En outre, votre rapporteur spécial s'inquiète des effets sur la dépense d'AME de l'intensification des flux migratoires . Les informations transmises ne révèlent pas une prise en compte particulière de cet accroissement potentiel des dépenses, alors même que les étrangers en situation irrégulière ou les déboutés du droit d'asile entrent dans le champ de l'AME de droit commun.
La direction de la sécurité sociale se contente ainsi de noter, dans les réponses aux questionnaires budgétaires que « les effets des flux migratoire sur l'AME sont incertains (...) et dépendent notamment du statut des personnes migrantes ».
2. Une sous-budgétisation récurrente des dépenses d'AME
Votre rapporteur spécial relève que le montant des crédits proposés au titre des dépenses d'AME par le présent projet de loi de finances s'inscrit dans une démarche de sincérité budgétaire , se fondant sur une évolution tendancielle plus conforme à la réalité de la dynamique de la dépense, mais probablement encore sous-évaluée.
Néanmoins, la dépense d'AME inscrite en loi de finances initiale ne reflète pas la dépense effective :
- si le dispositif est à la charge de l'État, sa gestion est assurée par l'assurance-maladie. La mission « Santé » retrace donc une dotation à la CNAMTS, qui ne couvre pas la totalité des dépenses effectivement constatées lors de l'exercice , entraînant la constitution d'une dette de l'État vis-à-vis de la CNAMTS ;
- en outre, la comparaison avec les crédits consommés au cours d'un exercice révèle une sous-budgétisation répétée et désormais structurelle des dépenses d'AME de droit commun, contrevenant au principe de sincérité budgétaire. En dépit de leur dépassement répété, les crédits proposés en loi de finances initiale s'avèrent d'année en année insuffisants pour faire face à la dynamique de la dépense.

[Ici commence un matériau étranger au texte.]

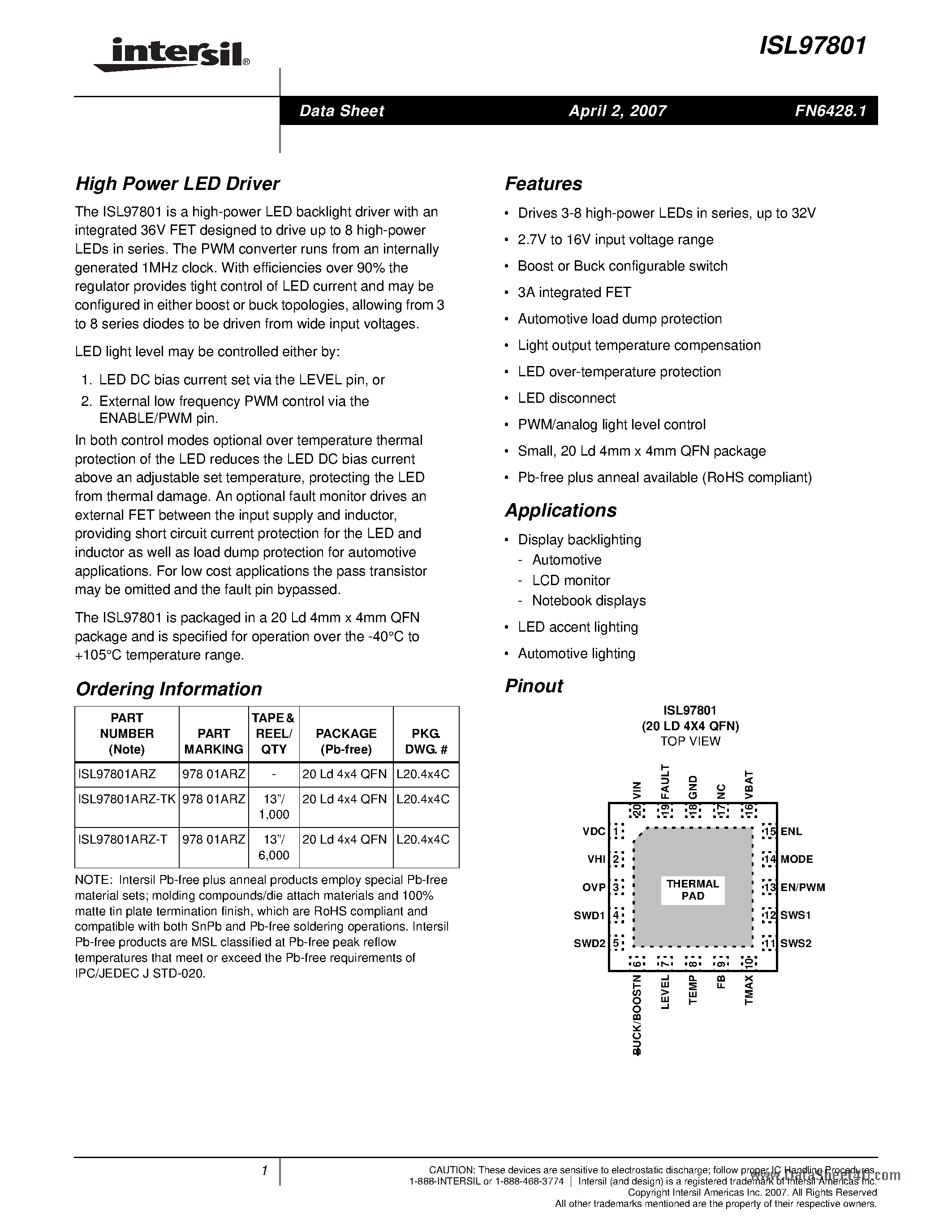 Datasheet ISL97801 - High Power LED Driver page 1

Votre rapporteur spécial note que ces éléments récurrents, pourtant bien connus du Gouvernement, ne l'ont pas empêché de procéder à l'annulation de près de 9,2 millions de crédits par voie de décret d'avance en 2017 15 ( * ) . Cette annulation de crédits découlait d'une prévision de baisse des dépenses de l'AME de droit commun, en raison d'une diminution du nombre de ses bénéficiaires ayant recours à des soins, observée au premier semestre 2017. Or, celle-ci s'est finalement révélée imprudente, dans la mesure où une augmentation de la dépense au titre de l'AME a finalement été constatée en fin d'année.
Ainsi, en 2017, les dépenses d'AME de droit commun enregistrées par la CNAMTS (801,1 millions d'euros) ont été supérieures de 5 % aux crédits de paiement inscrits en loin de règlement (763,3 millions d'euros). L'accroissement non anticipé des dépenses aggravé par des mesures de régulation imprudentes a entraîné la reconstitution d'une dette dont le montant passe de 11,5 millions d'euros à 49,8 millions d'euros à la fin de l'année 2017 (+ 38,3 millions d'euros) .
À cette dette s'ajoute celle résultant de l'écart entre la dotation forfaitaire de 40 millions d'euros au titre des soins urgents de l'AME et les dépenses effectivement prises en charge par l'assurance maladie (65,1 millions d'euros en 2017).
Finalement, la diminution des crédits dédiés à l'AME exécutés en 2017, qui permet au Gouvernement d'afficher une maîtrise de la dépense publique, a été compensée par l'assurance maladie . Votre rapporteur spécial déplore ce désengagement de l'État et dénonce ce transfert à l'assurance maladie de la prise en charge de dépenses qui relèvent pourtant exclusivement du périmètre de la politique de santé publique .
* 15 Décret n° 2017-1639 du 30 novembre 2017 portant ouverture et annulation de crédits à titre d'avance.